> **The problem**: The required answer is the data below, restated word for word with images omitted.

> **Data below**:
↓↓↓
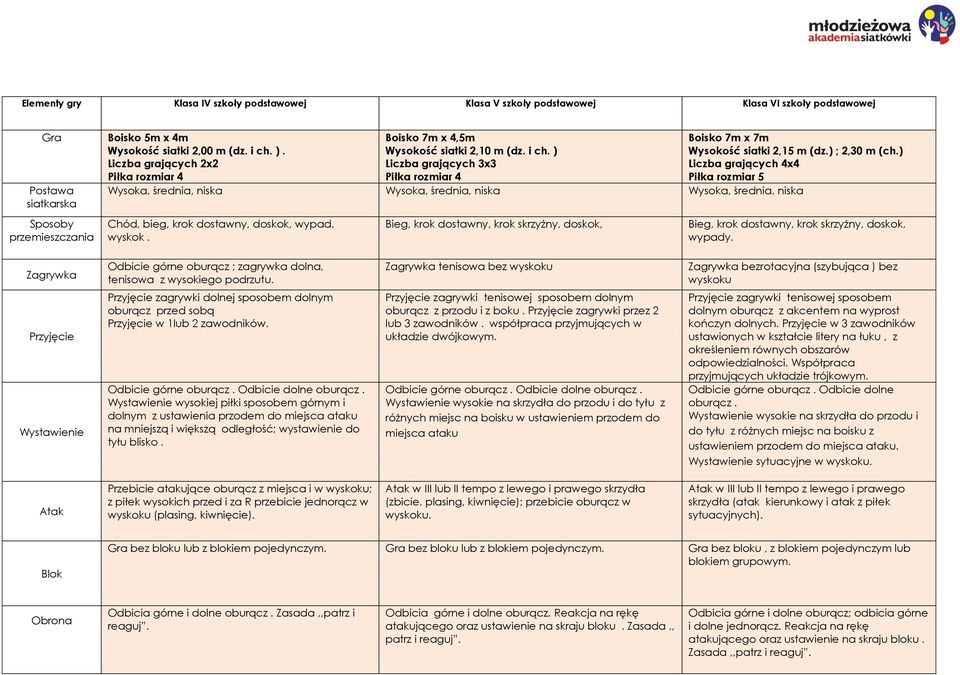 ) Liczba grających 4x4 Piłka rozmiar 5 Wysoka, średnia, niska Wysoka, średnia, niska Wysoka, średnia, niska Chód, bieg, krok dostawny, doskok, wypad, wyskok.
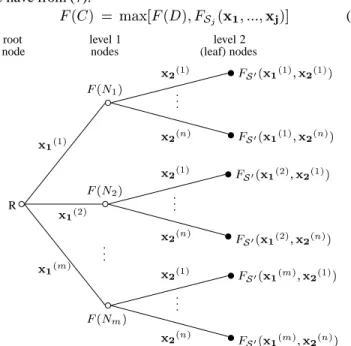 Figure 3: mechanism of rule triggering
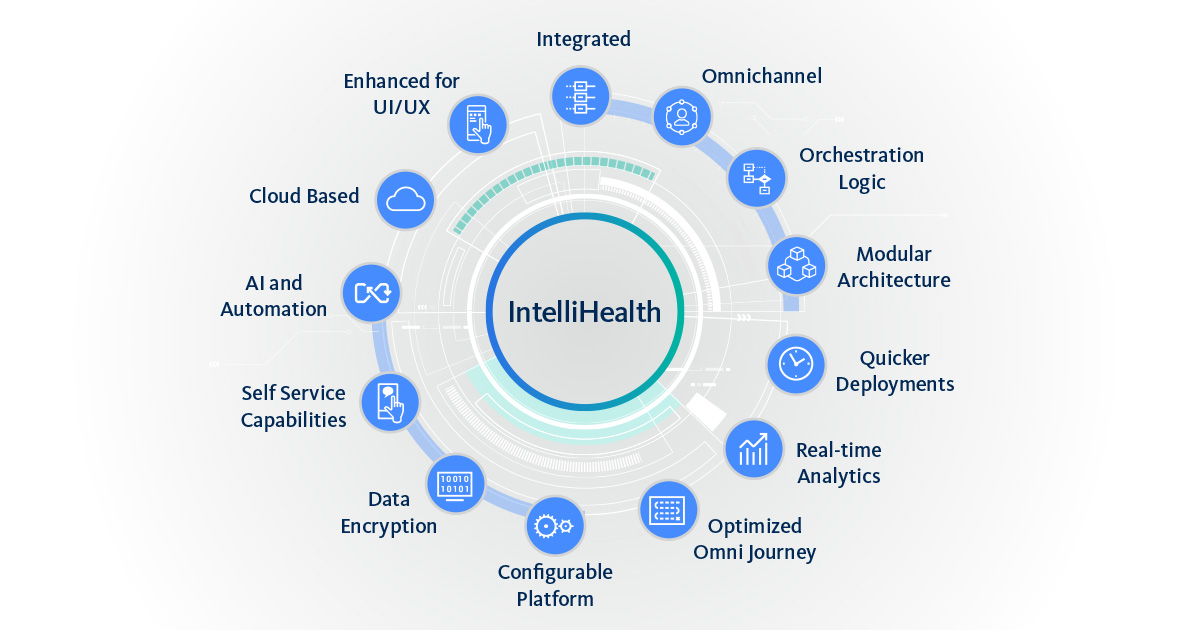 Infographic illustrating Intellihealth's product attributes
↑↑↑
> **Your solution**:
 ) Liczba grających 4x4 Piłka rozmiar 5 Wysoka, średnia, niska Wysoka, średnia, niska Wysoka, średnia, niska Chód, bieg, krok dostawny, doskok, wypad, wyskok.
 Figure 3: mechanism of rule triggering
 Infographic illustrating Intellihealth's product attributes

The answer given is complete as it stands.